**Work instruction**
The records follow. Retype them without a single change.
(Beginning of Data for this task)
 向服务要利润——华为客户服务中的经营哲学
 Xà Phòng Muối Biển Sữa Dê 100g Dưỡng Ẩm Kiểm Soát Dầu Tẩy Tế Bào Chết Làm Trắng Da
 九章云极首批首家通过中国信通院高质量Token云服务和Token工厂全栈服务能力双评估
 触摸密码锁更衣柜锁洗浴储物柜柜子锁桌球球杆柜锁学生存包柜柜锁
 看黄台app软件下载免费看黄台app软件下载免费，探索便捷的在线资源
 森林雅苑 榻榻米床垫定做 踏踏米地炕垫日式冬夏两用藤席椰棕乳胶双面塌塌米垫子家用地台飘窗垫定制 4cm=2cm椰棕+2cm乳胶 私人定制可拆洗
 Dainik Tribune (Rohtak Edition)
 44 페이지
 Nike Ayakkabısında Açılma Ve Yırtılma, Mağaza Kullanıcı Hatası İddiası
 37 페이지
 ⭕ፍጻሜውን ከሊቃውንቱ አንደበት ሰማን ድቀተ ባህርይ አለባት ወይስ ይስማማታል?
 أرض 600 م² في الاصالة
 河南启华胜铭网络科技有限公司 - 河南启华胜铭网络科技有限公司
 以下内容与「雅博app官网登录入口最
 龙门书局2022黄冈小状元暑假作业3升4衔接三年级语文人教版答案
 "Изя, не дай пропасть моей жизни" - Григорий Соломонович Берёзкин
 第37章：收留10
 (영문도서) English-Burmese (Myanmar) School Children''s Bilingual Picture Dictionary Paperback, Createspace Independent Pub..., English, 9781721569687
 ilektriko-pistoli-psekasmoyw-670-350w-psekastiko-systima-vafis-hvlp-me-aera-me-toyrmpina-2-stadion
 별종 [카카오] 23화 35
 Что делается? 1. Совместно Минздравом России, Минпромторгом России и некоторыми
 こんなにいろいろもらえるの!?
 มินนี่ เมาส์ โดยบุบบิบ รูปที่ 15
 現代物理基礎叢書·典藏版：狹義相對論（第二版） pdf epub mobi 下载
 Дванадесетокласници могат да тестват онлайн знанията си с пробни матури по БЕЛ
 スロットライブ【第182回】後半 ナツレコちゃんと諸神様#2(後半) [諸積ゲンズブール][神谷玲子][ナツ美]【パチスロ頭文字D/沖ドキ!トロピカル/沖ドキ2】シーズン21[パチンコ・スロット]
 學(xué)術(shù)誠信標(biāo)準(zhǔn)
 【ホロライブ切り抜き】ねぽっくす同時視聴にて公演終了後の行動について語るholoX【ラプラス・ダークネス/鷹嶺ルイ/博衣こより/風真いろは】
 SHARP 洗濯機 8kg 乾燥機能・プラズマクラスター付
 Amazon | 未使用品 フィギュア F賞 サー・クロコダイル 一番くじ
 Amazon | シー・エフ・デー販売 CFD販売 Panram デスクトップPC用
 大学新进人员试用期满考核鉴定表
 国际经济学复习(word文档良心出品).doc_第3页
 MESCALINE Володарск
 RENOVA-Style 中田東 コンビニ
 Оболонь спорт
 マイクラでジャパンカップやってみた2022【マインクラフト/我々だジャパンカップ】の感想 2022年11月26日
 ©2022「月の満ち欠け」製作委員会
(End of Data for this task)
**Completed task**
 向服务要利润——华为客户服务中的经营哲学
 Xà Phòng Muối Biển Sữa Dê 100g Dưỡng Ẩm Kiểm Soát Dầu Tẩy Tế Bào Chết Làm Trắng Da
 九章云极首批首家通过中国信通院高质量Token云服务和Token工厂全栈服务能力双评估
 触摸密码锁更衣柜锁洗浴储物柜柜子锁桌球球杆柜锁学生存包柜柜锁
 看黄台app软件下载免费看黄台app软件下载免费，探索便捷的在线资源
 森林雅苑 榻榻米床垫定做 踏踏米地炕垫日式冬夏两用藤席椰棕乳胶双面塌塌米垫子家用地台飘窗垫定制 4cm=2cm椰棕+2cm乳胶 私人定制可拆洗
 Dainik Tribune (Rohtak Edition)
 44 페이지
 Nike Ayakkabısında Açılma Ve Yırtılma, Mağaza Kullanıcı Hatası İddiası
 37 페이지
 ⭕ፍጻሜውን ከሊቃውንቱ አንደበት ሰማን ድቀተ ባህርይ አለባት ወይስ ይስማማታል?
 أرض 600 م² في الاصالة
 河南启华胜铭网络科技有限公司 - 河南启华胜铭网络科技有限公司
 以下内容与「雅博app官网登录入口最
 龙门书局2022黄冈小状元暑假作业3升4衔接三年级语文人教版答案
 "Изя, не дай пропасть моей жизни" - Григорий Соломонович Берёзкин
 第37章：收留10
 (영문도서) English-Burmese (Myanmar) School Children''s Bilingual Picture Dictionary Paperback, Createspace Independent Pub..., English, 9781721569687
 ilektriko-pistoli-psekasmoyw-670-350w-psekastiko-systima-vafis-hvlp-me-aera-me-toyrmpina-2-stadion
 별종 [카카오] 23화 35
 Что делается? 1. Совместно Минздравом России, Минпромторгом России и некоторыми
 こんなにいろいろもらえるの!?
 มินนี่ เมาส์ โดยบุบบิบ รูปที่ 15
 現代物理基礎叢書·典藏版：狹義相對論（第二版） pdf epub mobi 下载
 Дванадесетокласници могат да тестват онлайн знанията си с пробни матури по БЕЛ
 スロットライブ【第182回】後半 ナツレコちゃんと諸神様#2(後半) [諸積ゲンズブール][神谷玲子][ナツ美]【パチスロ頭文字D/沖ドキ!トロピカル/沖ドキ2】シーズン21[パチンコ・スロット]
 學(xué)術(shù)誠信標(biāo)準(zhǔn)
 【ホロライブ切り抜き】ねぽっくす同時視聴にて公演終了後の行動について語るholoX【ラプラス・ダークネス/鷹嶺ルイ/博衣こより/風真いろは】
 SHARP 洗濯機 8kg 乾燥機能・プラズマクラスター付
 Amazon | 未使用品 フィギュア F賞 サー・クロコダイル 一番くじ
 Amazon | シー・エフ・デー販売 CFD販売 Panram デスクトップPC用
 大学新进人员试用期满考核鉴定表
 国际经济学复习(word文档良心出品).doc_第3页
 MESCALINE Володарск
 RENOVA-Style 中田東 コンビニ
 Оболонь спорт
 マイクラでジャパンカップやってみた2022【マインクラフト/我々だジャパンカップ】の感想 2022年11月26日
 ©2022「月の満ち欠け」製作委員会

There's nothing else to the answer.